• PSets
• Calendar
• Materials
• Information
• # Fibonacci Heaps

Shortest path/MST motivation. Discuss Prim/Dijkstra algorithm.

Note: lots more decrease-key than delete.

Response: balancing

• trade off costs of operations

• making different parts equal time.

$$d$$-heaps:

• $$m\log_d n + nd\log_d n$$.

• set $$d=m/n$$

• $$O(m\log_{m/n} n)$$

• already nice, gives $$O(n^2)$$ (matching trivial alg) on complete graph.

## Fibonacci Heaps

Fredman-Tarjan, JACM 34(3) 1987.

http://dl.acm.org/citation.cfm?id=28874

Key principles:

• Lazy: don’t work till you must

• If you must work, use your work to “simplify” data structure too

• force user (adversary) to spend lots of time to make you work

• analysis via potential function measuring “complexity” of structure.

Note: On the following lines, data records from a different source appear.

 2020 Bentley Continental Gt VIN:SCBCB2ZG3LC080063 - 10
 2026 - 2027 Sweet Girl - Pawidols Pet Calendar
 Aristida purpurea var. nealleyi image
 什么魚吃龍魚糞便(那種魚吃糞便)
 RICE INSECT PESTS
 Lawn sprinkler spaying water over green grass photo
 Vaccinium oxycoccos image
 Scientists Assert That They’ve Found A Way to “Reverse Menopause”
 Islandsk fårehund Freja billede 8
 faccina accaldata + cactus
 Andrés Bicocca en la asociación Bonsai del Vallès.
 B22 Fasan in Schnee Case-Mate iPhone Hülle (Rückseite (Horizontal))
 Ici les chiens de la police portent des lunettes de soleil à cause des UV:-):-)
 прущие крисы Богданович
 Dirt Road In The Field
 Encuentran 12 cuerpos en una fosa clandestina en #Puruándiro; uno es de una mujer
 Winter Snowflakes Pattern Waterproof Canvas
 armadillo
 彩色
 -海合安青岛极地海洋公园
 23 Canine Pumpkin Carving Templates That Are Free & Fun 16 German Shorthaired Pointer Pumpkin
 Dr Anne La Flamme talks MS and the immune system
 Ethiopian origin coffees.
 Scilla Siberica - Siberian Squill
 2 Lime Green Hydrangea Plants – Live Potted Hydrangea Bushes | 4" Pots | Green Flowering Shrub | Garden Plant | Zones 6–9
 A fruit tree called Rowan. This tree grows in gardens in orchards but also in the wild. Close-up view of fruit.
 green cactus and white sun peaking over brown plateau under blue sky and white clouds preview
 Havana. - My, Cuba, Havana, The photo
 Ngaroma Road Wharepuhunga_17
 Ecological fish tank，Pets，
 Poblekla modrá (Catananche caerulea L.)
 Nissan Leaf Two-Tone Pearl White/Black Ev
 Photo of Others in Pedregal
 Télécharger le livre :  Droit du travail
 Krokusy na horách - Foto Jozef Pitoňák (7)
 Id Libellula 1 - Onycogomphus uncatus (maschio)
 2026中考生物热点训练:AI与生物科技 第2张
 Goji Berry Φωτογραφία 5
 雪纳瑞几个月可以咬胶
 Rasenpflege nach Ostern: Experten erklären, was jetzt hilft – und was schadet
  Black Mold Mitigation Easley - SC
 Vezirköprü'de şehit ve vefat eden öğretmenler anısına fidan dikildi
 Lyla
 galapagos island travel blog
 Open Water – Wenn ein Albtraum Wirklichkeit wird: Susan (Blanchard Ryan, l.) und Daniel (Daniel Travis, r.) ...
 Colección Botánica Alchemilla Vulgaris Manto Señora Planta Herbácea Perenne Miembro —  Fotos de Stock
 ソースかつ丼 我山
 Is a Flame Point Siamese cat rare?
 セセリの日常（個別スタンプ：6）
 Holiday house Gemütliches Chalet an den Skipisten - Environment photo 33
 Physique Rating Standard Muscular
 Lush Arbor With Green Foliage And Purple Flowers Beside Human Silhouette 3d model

• user has to do lots of insertions to raise potential,

• so you can spread cost of complex ops over many insertions.

• potential says how much work adversary has done that you haven’t had to deal with yet.

• You can charge your work against that work.

• another perspective: procrastinate. if you don’t do the work, might never need to.

• Why the name? Wait and see.

Lazy approach:

• During insertion, do minimum, i.e. nothing.

• Indeed, for only insert, don’t even need to remember item!

• but we also want delete min, so save items

• For first delete-min, cost is $$n$$

• So, amortized cost 1.

Problem?

• issue with second and further delete mins

• $$n$$ delete mins cost $$n^2$$—means amortized $$n$$

Solution: Use your work to simplify

• As do comparisons, remember outcomes

• point from loser to winner

• creates “heap ordered tree” (HOT)

• not full or balanced, but heap ordered

• in fact, this tree will be a caterpillar: one spine with legs

• but we can consider general trees with this property

• remembers everything we figured out while finding min

Benefit: on delete-min, new min is child of current root

• find by scanning children

• but if we build a star, no benefit over brute force

• can we force few children?

Can we be lazy and simultaneously prepare for future laziness?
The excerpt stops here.